Morrison’s signature style features abstract and geometric shapes that convey spiritual themes in nature. “His paintings and wood collages contain abstract images of trees, rocks, rivers, and sky,” according to the Plains Art Museum website. “A repeating theme in his work is the horizon line, a long-time fascination for the artist. He based his painting, drawings, wood collages, and sculptures on it.”

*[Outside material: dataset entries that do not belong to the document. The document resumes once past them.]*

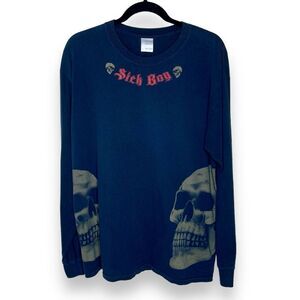 Gildan Sick Boy Motorcycle Skull Black Long Sleeve Crew Neck T Shirt Men Large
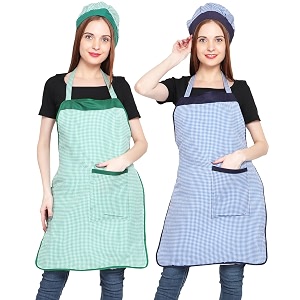 jmi polyester mini check fabric apron with chef cap for women waterproof for home kitchen restaurant pack of 2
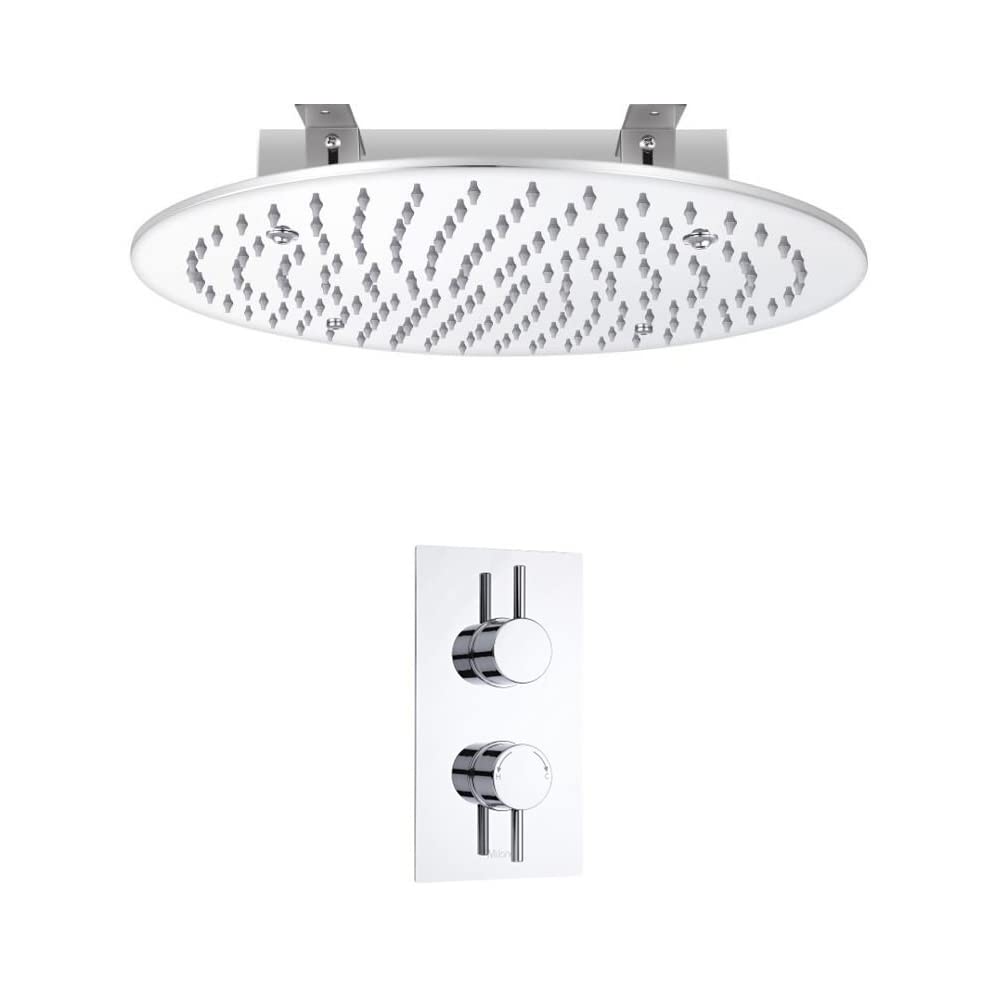Milano Mirage - Modern Twin Thermostatic Mixer Shower Valve with 400mm Ceiling Mounted Recessed Round Rainfall Shower Head - Chrome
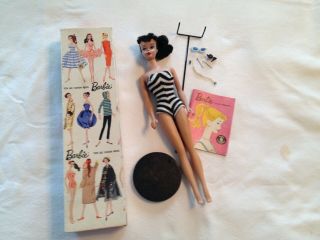 Vintage Barbie 3/4 Brunette Ponytail Doll 1960 Blue Eyeliner Bxdate1959 850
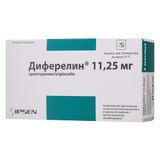 Диферелин лиофилизат для приг. суспензии для в/м и п/к введ. с пролонгированным высвобождением 11,25мг+Растворитель+Шприц+Игла 3шт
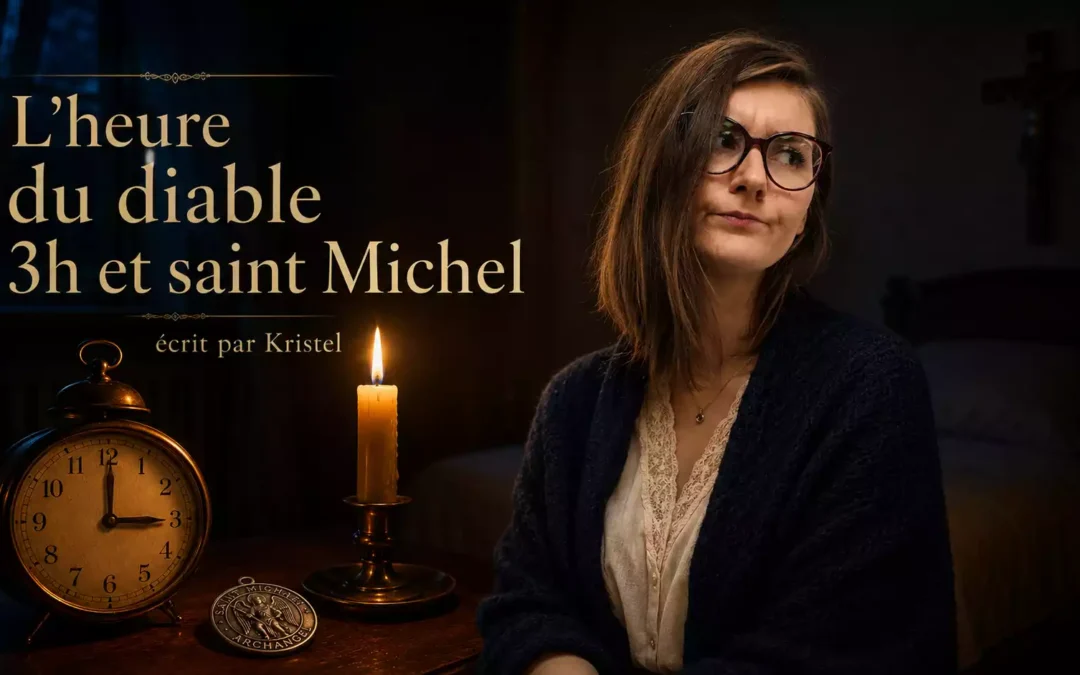 Horloge indiquant 3h du matin avec bougie et médaille saint Michel — heure du diable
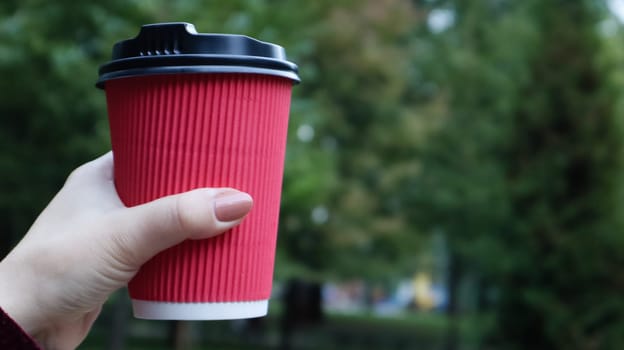 A young girl in a coat holds morning coffee with her while walking in the park. Hand holding paper cup of coffee in green park. Takeaway cappuccino. Close-up, copy space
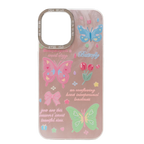 Protective Apple iPhone Back Cover - Butterfly Inspired TPU Phone Case with Charm Bracelet & Metal Ring Protection for iPhone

The Museum of Modern American Art website talks about how Morrison’s later works were inspired in part by his home on Lake Superior: “This body of work includes line drawings on colored papers, sketches of constellations over Lake Superior, and several paintings of forms breaking up in front of the abstracted shoreline. In terms of technique, these later paintings – quiet, lyrical, and meditative – synthesize Impressionism with Expressionism, while retaining the artist’s trademark representation of nature, land, and the horizon.”
Many places
After growing up in Grand Portage and graduating from Grand Marais High School, Morrison attended the Minneapolis College of Art Design, graduating in 1943. From there, he was awarded scholarships – including a Fulbright Scholarship — and a fellowship that allowed him to travel New York City and Europe and delve deeply into modern art, something his instructors in Minneapolis did not encourage.
Morrison taught in many places, including the Minneapolis School of Art, Iowa State College, Cornell University in New York, Pennsylvania State University, the Dayton Art Institute in Ohio, the Rhode Island School of Design and the University of Minnesota.
Morrison’s work has been exhibited at many prestigious museums, including the Minneapolis Institute of Arts and the Walker Art Center in Minneapolis; the Plains Art Museum in Fargo; the Heard Museum in Phoenix; New York City’s Grand Central Modern Gallery, Touchstone Gallery, Whitney Museum of American Art, and Museum of the American Indian; the Art Institute of Chicago; and the Smithsonian’s National Museum of the American Indian in Washington, D.C. One of his large sculptures was exhibited at the White House.
Morrison’s legacy
Morrison befriended other prominent artists such as Jackson Pollock, Willem de Kooning, and Franz Kline. His work contributed significantly to the genre of Abstract Expressionism but also includes elements of Cubism, Surrealism, and Impressionism. He would later become known as a founder of Native American Modernism.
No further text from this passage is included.